Image-caption web data:
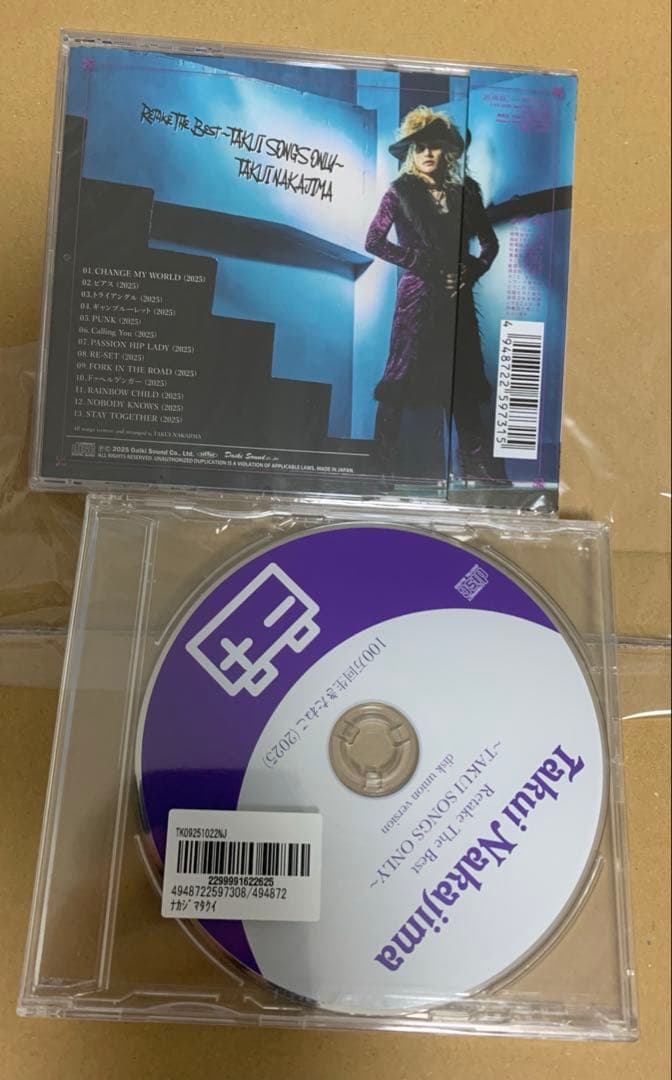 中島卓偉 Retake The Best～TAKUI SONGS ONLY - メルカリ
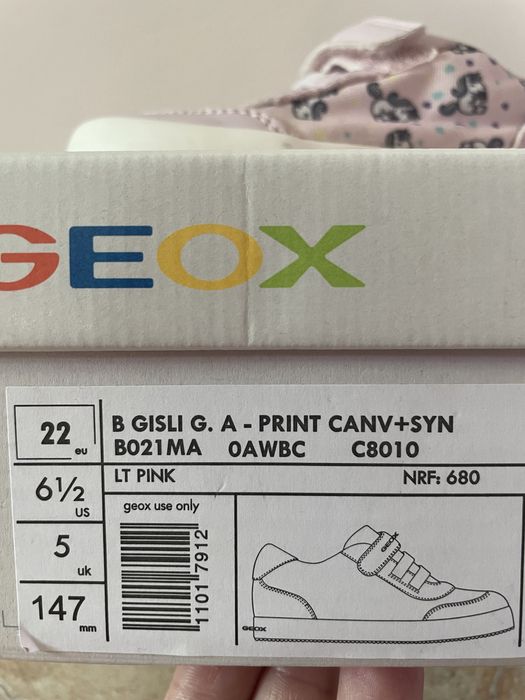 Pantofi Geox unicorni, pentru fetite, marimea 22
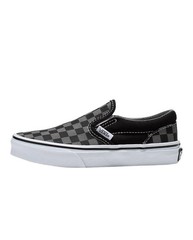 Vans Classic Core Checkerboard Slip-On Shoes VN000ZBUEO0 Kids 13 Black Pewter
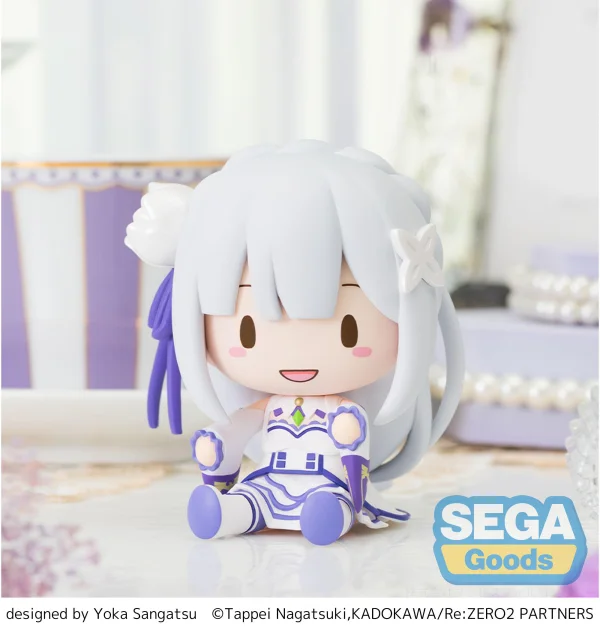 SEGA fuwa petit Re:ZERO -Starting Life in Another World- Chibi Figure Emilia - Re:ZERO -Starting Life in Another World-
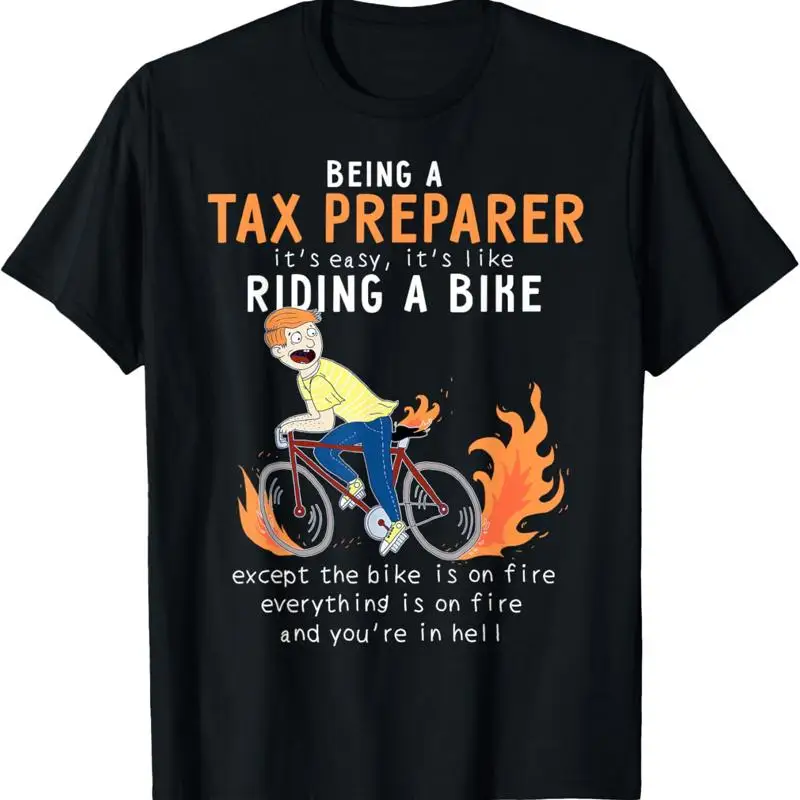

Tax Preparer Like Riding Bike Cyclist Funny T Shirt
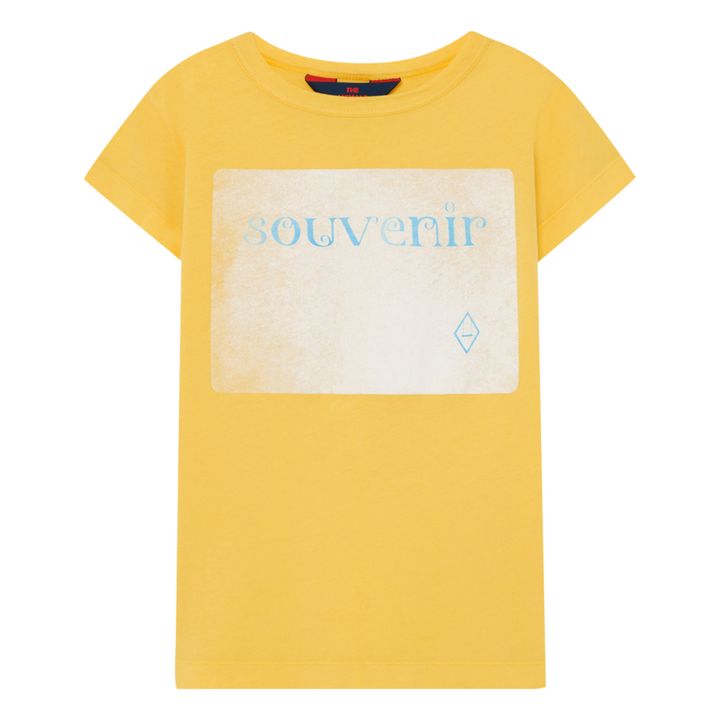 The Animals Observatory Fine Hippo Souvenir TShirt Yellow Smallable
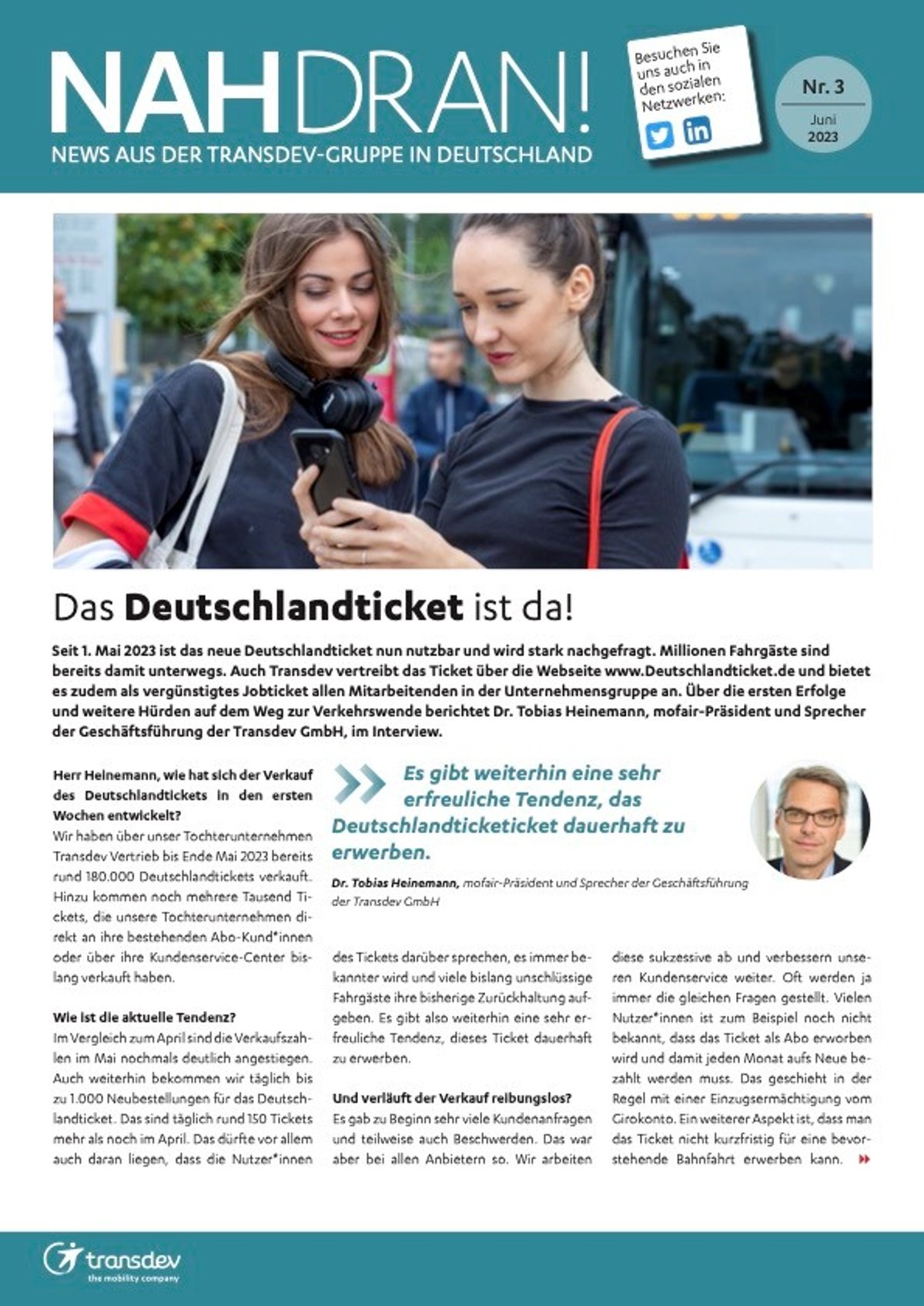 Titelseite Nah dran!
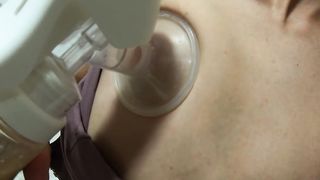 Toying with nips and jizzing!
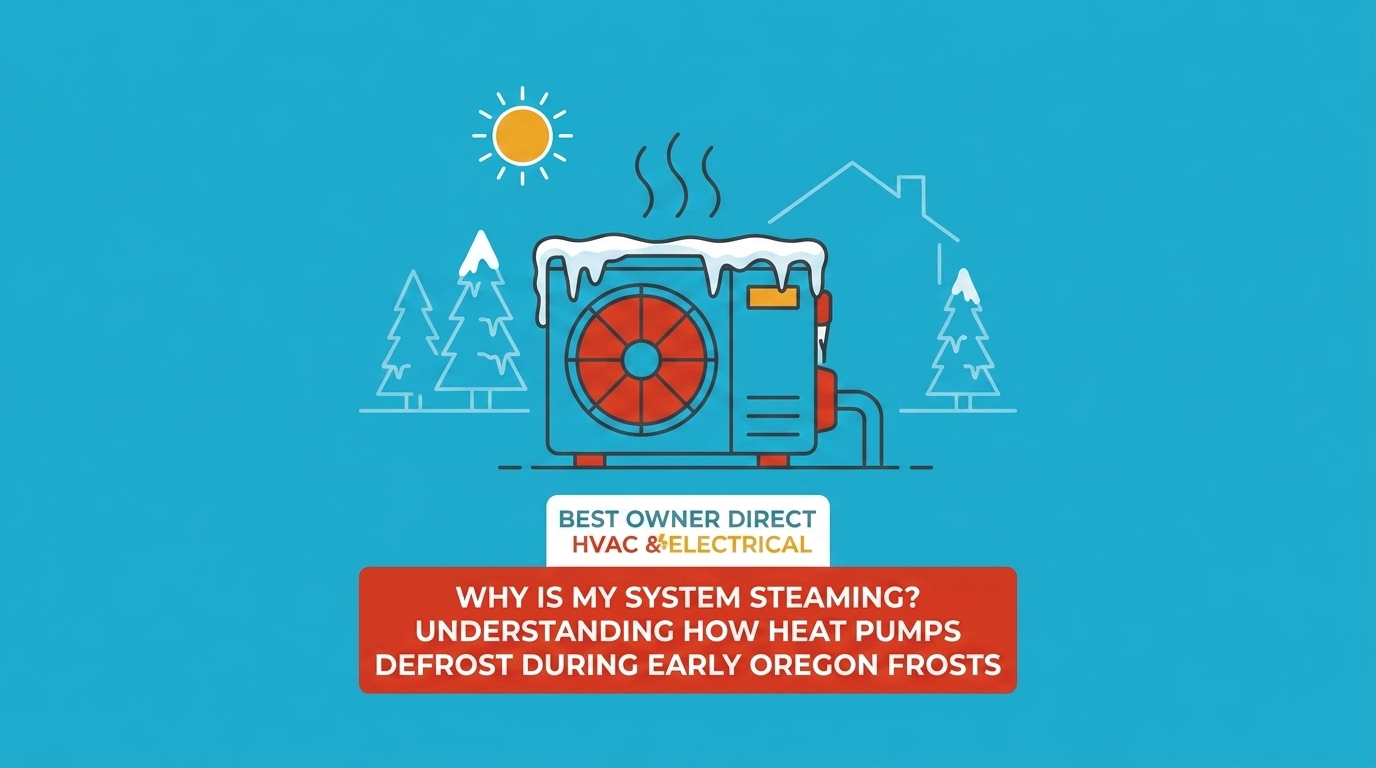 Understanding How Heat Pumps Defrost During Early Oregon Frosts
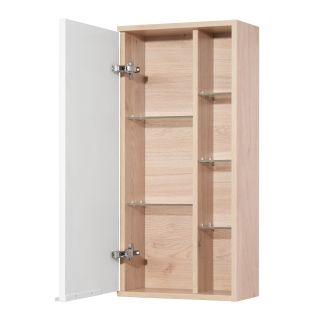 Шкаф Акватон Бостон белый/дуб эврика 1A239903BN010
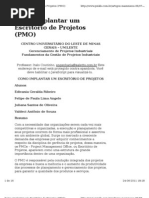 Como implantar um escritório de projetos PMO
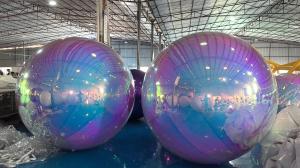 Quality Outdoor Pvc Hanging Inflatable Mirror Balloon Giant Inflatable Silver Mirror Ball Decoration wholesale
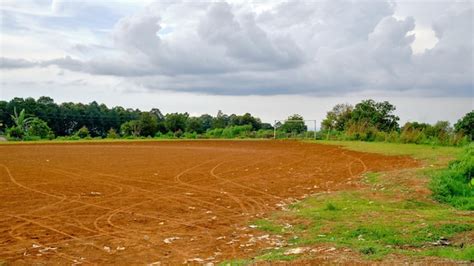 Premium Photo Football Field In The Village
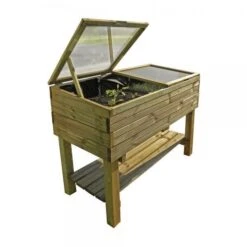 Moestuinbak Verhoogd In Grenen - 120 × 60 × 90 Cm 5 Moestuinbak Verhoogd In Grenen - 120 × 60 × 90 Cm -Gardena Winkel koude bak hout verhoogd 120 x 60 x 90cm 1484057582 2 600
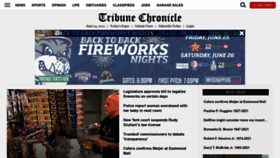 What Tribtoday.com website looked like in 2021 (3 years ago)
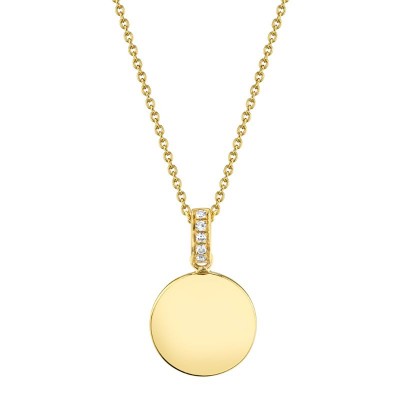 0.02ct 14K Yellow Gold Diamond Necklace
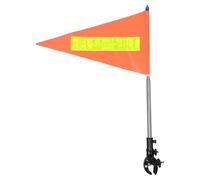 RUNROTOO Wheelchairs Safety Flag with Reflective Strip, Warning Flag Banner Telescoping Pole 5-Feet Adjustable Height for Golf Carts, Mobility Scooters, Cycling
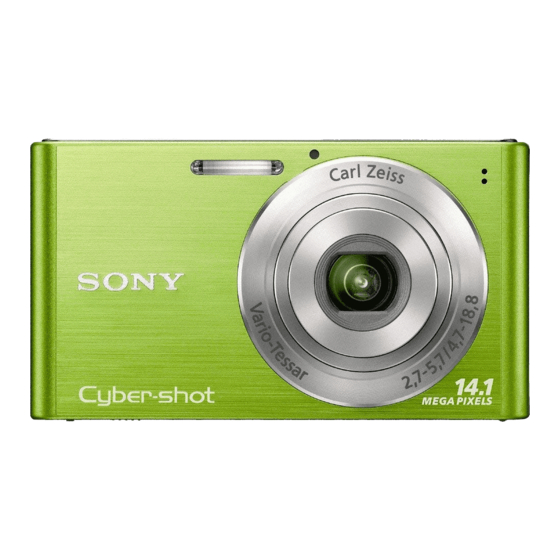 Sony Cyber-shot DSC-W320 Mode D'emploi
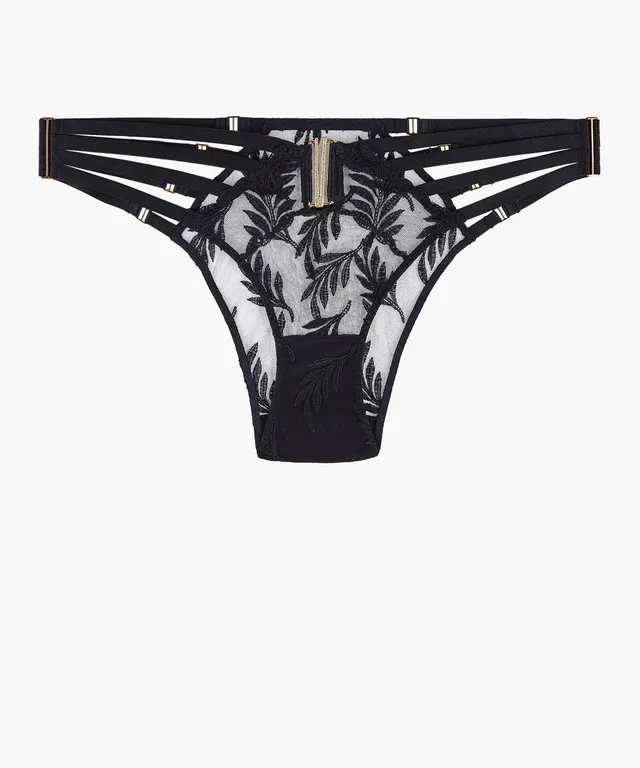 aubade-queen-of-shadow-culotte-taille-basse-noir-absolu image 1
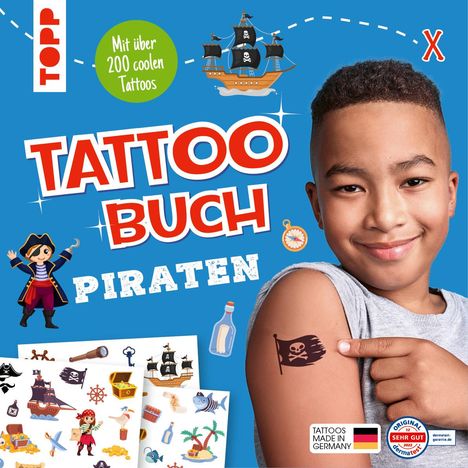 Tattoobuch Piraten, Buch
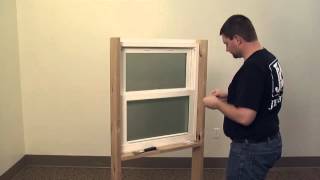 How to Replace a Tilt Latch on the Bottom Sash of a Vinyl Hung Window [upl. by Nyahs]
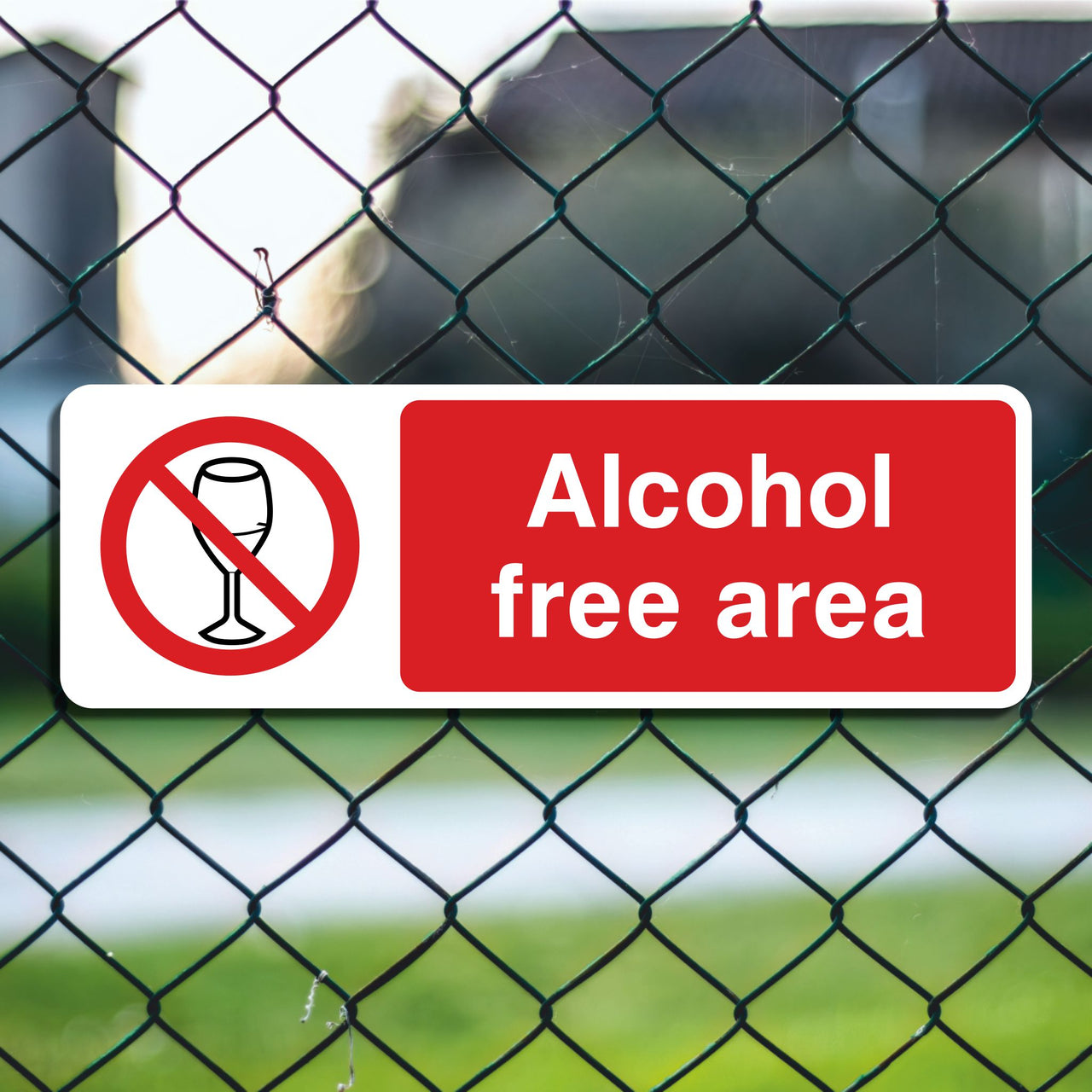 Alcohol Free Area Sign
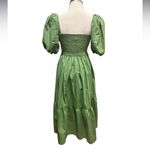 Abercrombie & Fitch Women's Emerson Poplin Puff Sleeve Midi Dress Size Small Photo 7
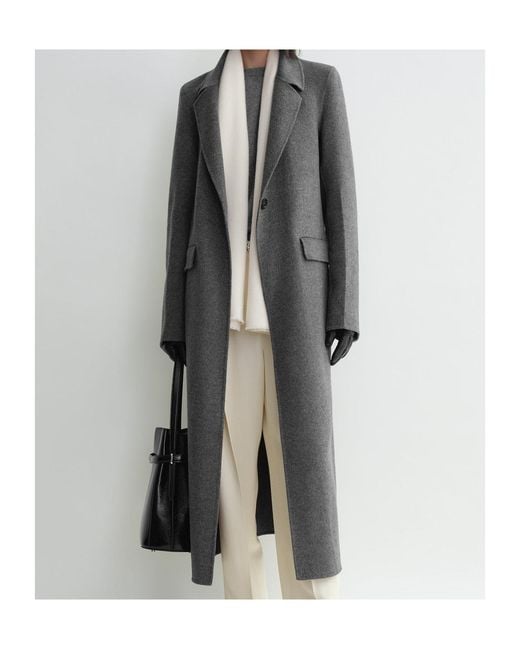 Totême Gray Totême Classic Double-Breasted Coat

### WORK TO COMPLETE
All that belongs in the answer is the lines from the line with "Toying with nips and jizzing!" through the closing line of the entries, inclusive, transcribed exactly and free of pictures.

### ANSWER TO THIS TASK
 Toying with nips and jizzing!
 Understanding How Heat Pumps Defrost During Early Oregon Frosts
 Шкаф Акватон Бостон белый/дуб эврика 1A239903BN010
 Como implantar um escritório de projetos PMO
 Quality Outdoor Pvc Hanging Inflatable Mirror Balloon Giant Inflatable Silver Mirror Ball Decoration wholesale
 Premium Photo Football Field In The Village
 Moestuinbak Verhoogd In Grenen - 120 × 60 × 90 Cm 5 Moestuinbak Verhoogd In Grenen - 120 × 60 × 90 Cm -Gardena Winkel koude bak hout verhoogd 120 x 60 x 90cm 1484057582 2 600
 What Tribtoday.com website looked like in 2021 (3 years ago)
 0.02ct 14K Yellow Gold Diamond Necklace
 RUNROTOO Wheelchairs Safety Flag with Reflective Strip, Warning Flag Banner Telescoping Pole 5-Feet Adjustable Height for Golf Carts, Mobility Scooters, Cycling
 Sony Cyber-shot DSC-W320 Mode D'emploi
 aubade-queen-of-shadow-culotte-taille-basse-noir-absolu image 1
 Tattoobuch Piraten, Buch
 How to Replace a Tilt Latch on the Bottom Sash of a Vinyl Hung Window [upl. by Nyahs]
 Alcohol Free Area Sign
 Abercrombie & Fitch Women's Emerson Poplin Puff Sleeve Midi Dress Size Small Photo 7
 Totême Gray Totême Classic Double-Breasted Coat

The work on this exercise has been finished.